On a visit to San Quentin, I learned that no one is beyond the reach of divine love -- despite society's way of stating the opposite.
Dec 19, 2003 | This is my last column for Salon for awhile. I am going on sabbatical, during which time I hope to help George Bush find employment for which his unique interests and training are better suited. I also need to get my joy back, however the presidential election shakes down. My pastor Veronica said yesterday that in Advent, God tells us to rejoice, but to do that, we need to have had joy before, and it's been a while for some of us. Veronica cried out, "Get your 'joice back." So I was trying to do that, though it's hard when you're living under a Bush. But before I go, there is one more story I want to tell you, because joy is medicine.
My friend Neshama and I went to San Quentin last week to teach inmates how to tell their stories through writing, and through the oral tradition in which Neshama has found her voice -- she studies with the finest local storytellers, and belongs to a guild where people learn to tell crafted stories from the stage. I was glad to be there for a number of reasons. First of all, because Jesus said that whatever you did to the least of his people, you did to him, and the lifers in penitentiaries are the leastest people in this country. Just look to see whose budgets are being cut these days -- the old, the crazies, the children in Head Start -- and that's where Jesus will be. He also promised that God forgives the unlovable and the unforgivable, which means most of us -- the lifers, me, Cheney.
Secondly, my father had taught English and writing at San Quentin during the 1950s and '60s. He published stories about getting to know his students in the New Yorker, and then wove them into a book called "San Quentin: Biography of a Prison." I grew up hearing and reading about his students. He did not bog down in complex moral and ethical issues -- victims' rights, recidivism. He just taught the prisoners to read good books, to speak English, and to write. He treated them with respect and kindness, his main philosophical and spiritual position being, Don't be an asshole. My brothers and I stood outside the gates of San Quentin with him over the years, in protest and silent witness whenever someone was going to be gassed.
And lastly, one of the inmates, named Wolf, the head of the Vietnam Vets group at San Quentin, had asked me to come help some of his friends with their writing.
I had been inside the grounds for worship services at night, but had never visited in broad daylight. Last week when we went it was pouring rain. Waiting outside the walls with Neshama, two San Quentin English teachers, and a friend from my church, I felt the entirety of the violence and fear of the world. I hardly know what to feel most days, except for grief and bug-eyed paranoia. But my faith tells me that God has larger cojones than Bush or Condi or Saddam or bin Laden, and that he has skills, ploys and grace adequate to bring light into the present darkness.
San Quentin is on a beautiful piece of land in Marin County, on the east shore of San Francisco Bay, with lots of sun, views of the bridges, hills, windsurfers.
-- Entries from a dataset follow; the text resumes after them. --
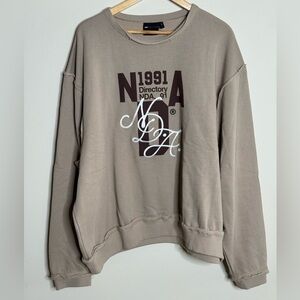 ASOS Taupe Sweatshirt with Brown & White Logo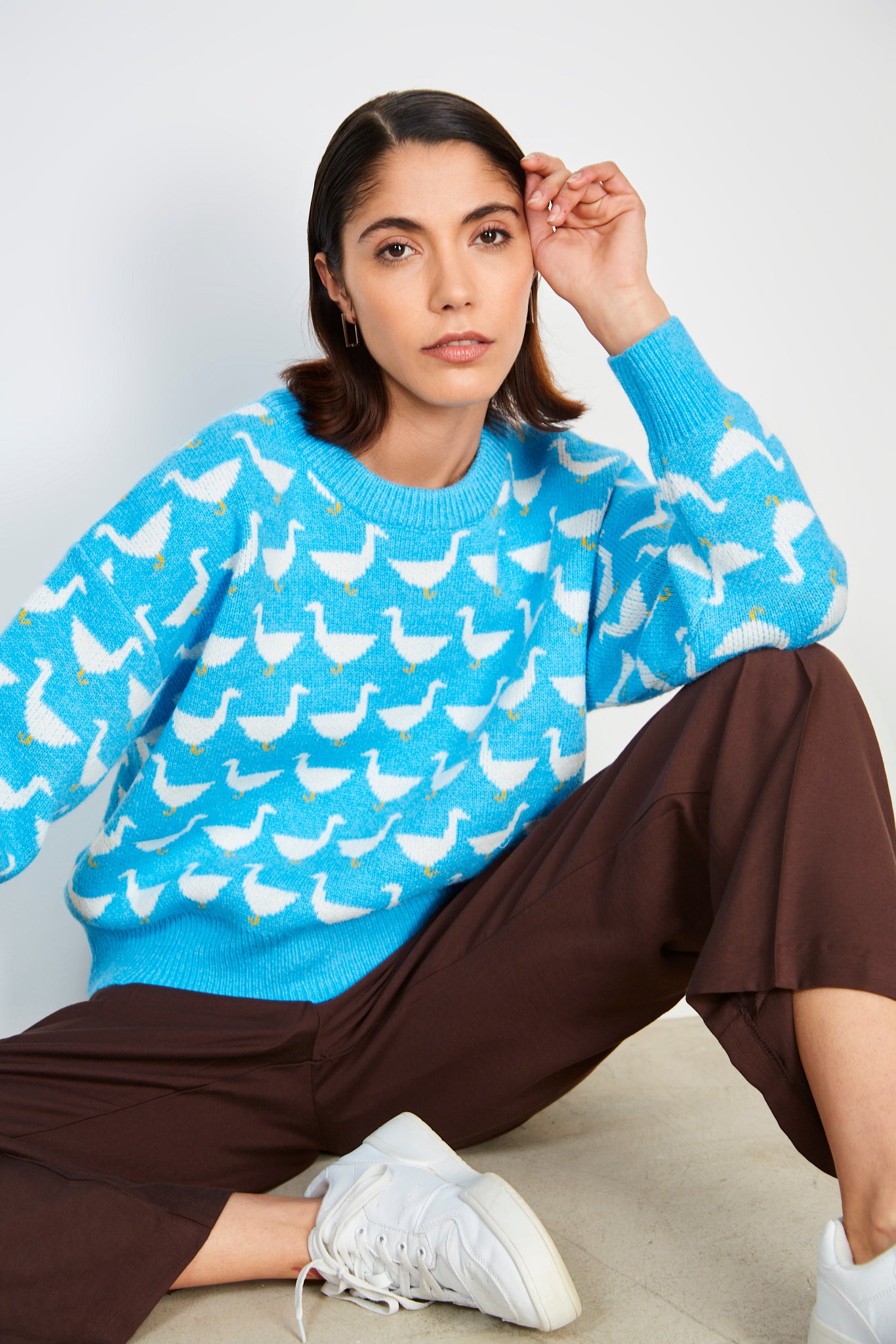 Blue intarsia duck jumper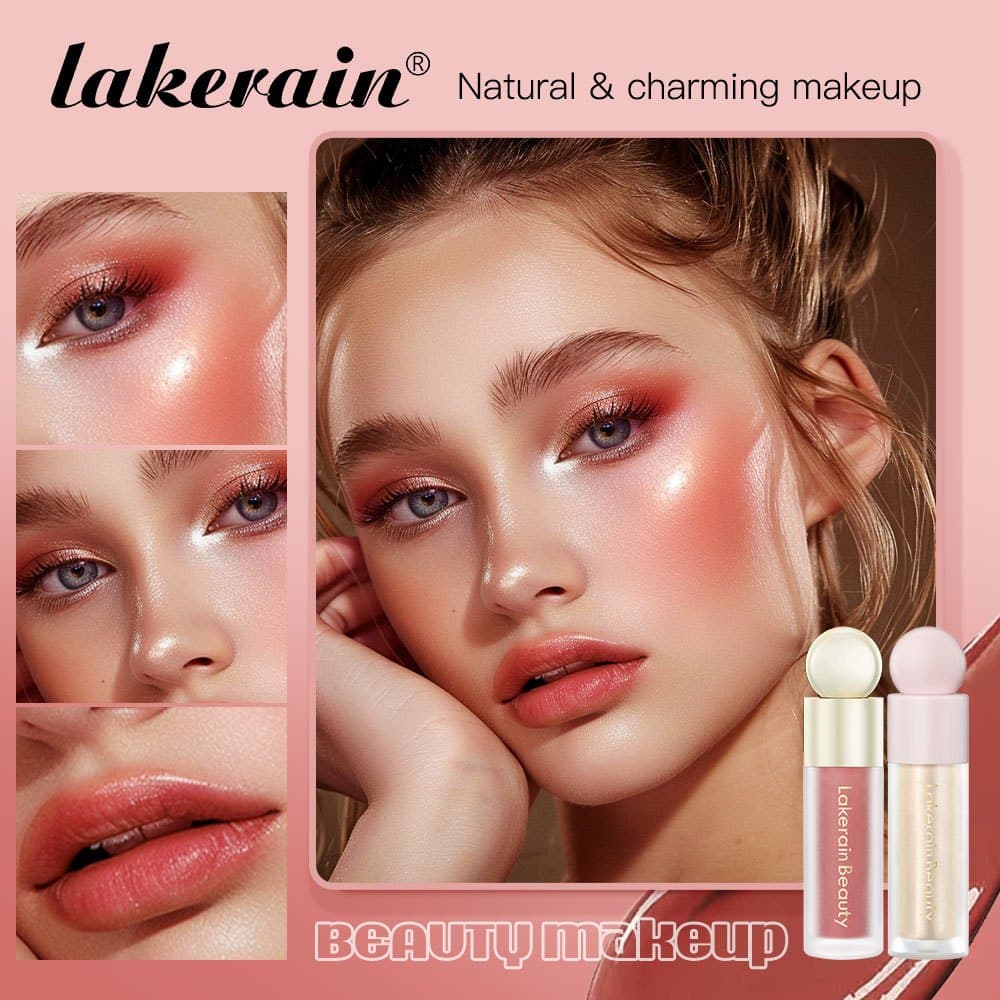Lakerain Blush Velvet Matte liquid lasting Beauty + Highlighter , Maquiagem Natural E De Longa Duração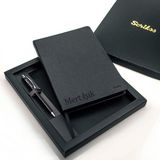 Scrikss Kişiye Özel Deri Defter ve Kalem Set
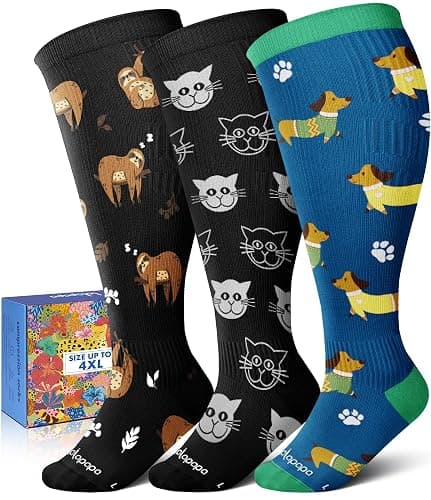 Lalapapa Wide Calf Compression Socks for Women - 3-Pair Plus Size 20-30mmHg Ankle Support Easy on off Socks for Travel Nurse - Image 1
I tried not to worry so much as we waited. Veronica kept repeating on Sunday what Paul and Jesus always said: "Don't worry! Don't be so anxious. In these dark times, give off light. Care for the least of God's people." Jesus had such an affinity for prisoners. He had been one, after all. He must have felt anxiety and isolation, but he identified with the prisoners anyway. He made a point of befriending the worst and most hated, because his message was that no one was beyond the reach of divine love, despite society's way of stating the opposite. God: what a nut.
Finally, we stood outside the innermost gate, showing our I.D.s to the guards, getting our hands stamped with fluorescent ink: "You don't glow, you don't go," said one cheerful, pockmarked guard, which is the best spiritual advice I've had in a long time.
We stepped into a holding pen between gates, while my mind spun with worries about being taken hostage, and having a shotgun strapped to my head with duct tape. I don't think Jesus would have been thinking these same thoughts. Everything in him reached out for love and mercy and redemption. He taught that God is able to bring life from even the most death-dealing of circumstances, no matter what the terror alert level stands at. I have a slight problem living by this: Some days all that keeps me going is the image of Kissinger on trial at The Hague.
Neshama and I and our colleagues were finally allowed to step through the gates, and view the outer walls of the prison, which was built in 1852. San Quentin possesses great European beauty -- ancient walls, elegant gun towers. It's like a set from Edgar Allan Poe. Someone could do something nice with this place, something more festive. It could be a cute bed and breakfast, say. Or a brewery. I did not know who would be inside, except that most of the convicts are murderers serving life sentences. I imagined that some would be sullen and shifty-eyed, and others would be charming cons, trying to win me over so I would marry them and get them better lawyers, and consort with them on alternate Tuesdays. I knew there'd be camaraderie, violence and redemption inside, because I'd read my father's and other accounts. But those were written years ago, when you could believe in caring for prisoners without being accused of being soft on crime.
Jesus was so soft on crime. He'd never have been elected anything.